I sold a few Won Park koi at last weekend's Cherry Blossom Festival. I didn't expect them to sell, but I sold out of what I had stocked (and had one stolen off the table, inside a coke container!). I felt they were expensive to buy (for a regular joe who thinks of paperfolding as "kid's craft" and nothing more), even though from a labor and artist perspective, I sold them on the cheap. Talking with Won after the Festival, I decided to follow his recommendations, which I have been reluctant to do for the sake of "purity"; and that is, to apply a bit of cement (from a gluestick) underneath the scales and the head. I am now sold on the results. I think there is more permanence on the model holding its shape over time and under humid and cold weather; which makes me feel better about people buying them from me. I dip the end of a twist tie (Won uses a toothpick, but I have none in the home) in the gluestick, then spackle it under the scales up top, and inside, underneath, as well as on the crimp in the head. It's well worth the efforts.

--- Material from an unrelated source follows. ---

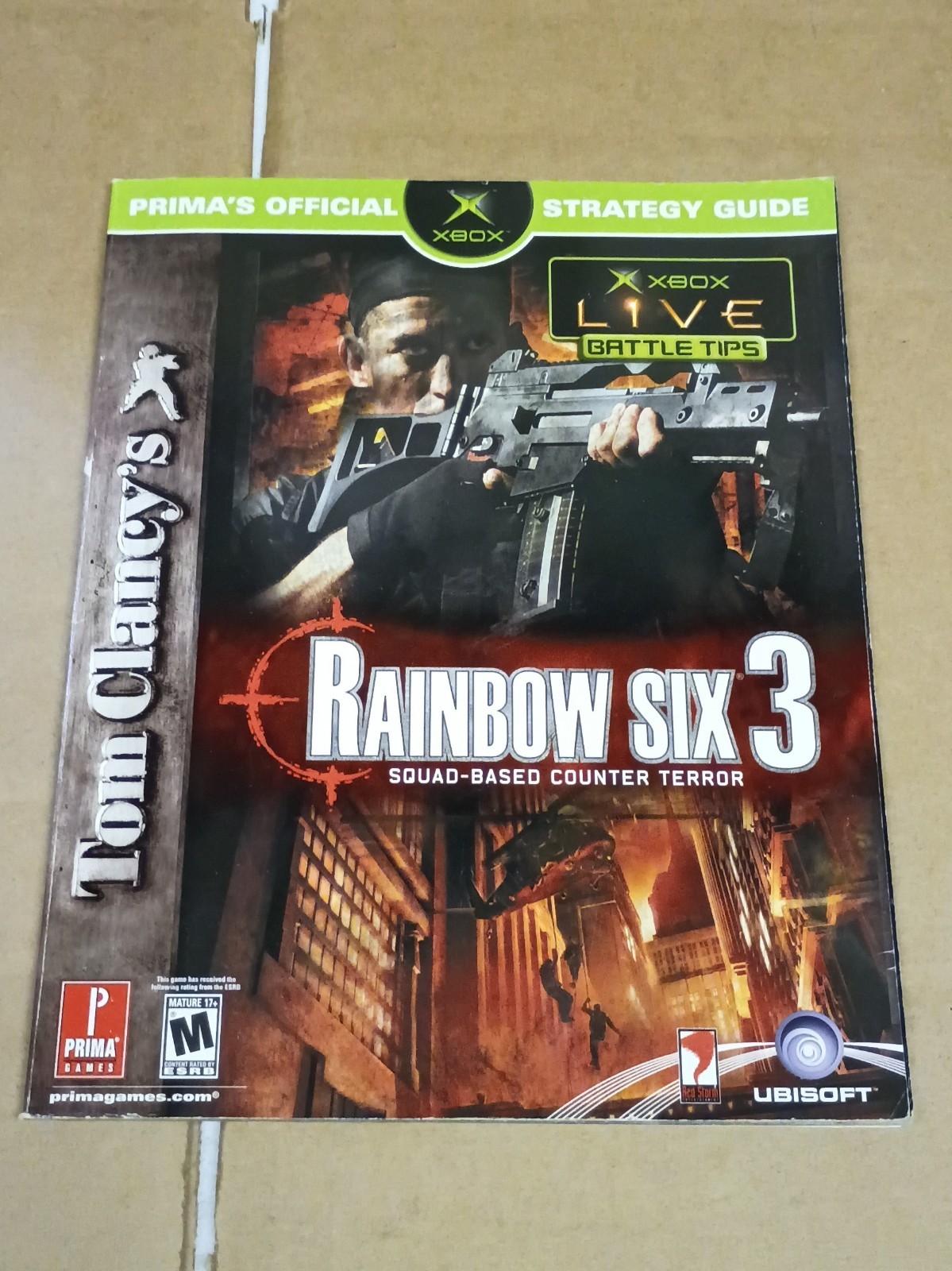 Tom Clancy's Prima's Official Strategy Guide Rainbow Six 3 for Xbox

One of the biggest problems Won sees in how people are folding his koi, is in rounding out the model. Especially the head. The crimps help; but the fins should probably be folded back sharply, then the two edges bent and rounded together, as if one were going to close the bottom. Of course it won't close together (nor do you really want it to); but it will help round out the shape.
Really, I think the videos show this quite sufficiently well for all the complaints on them not being a tutorial.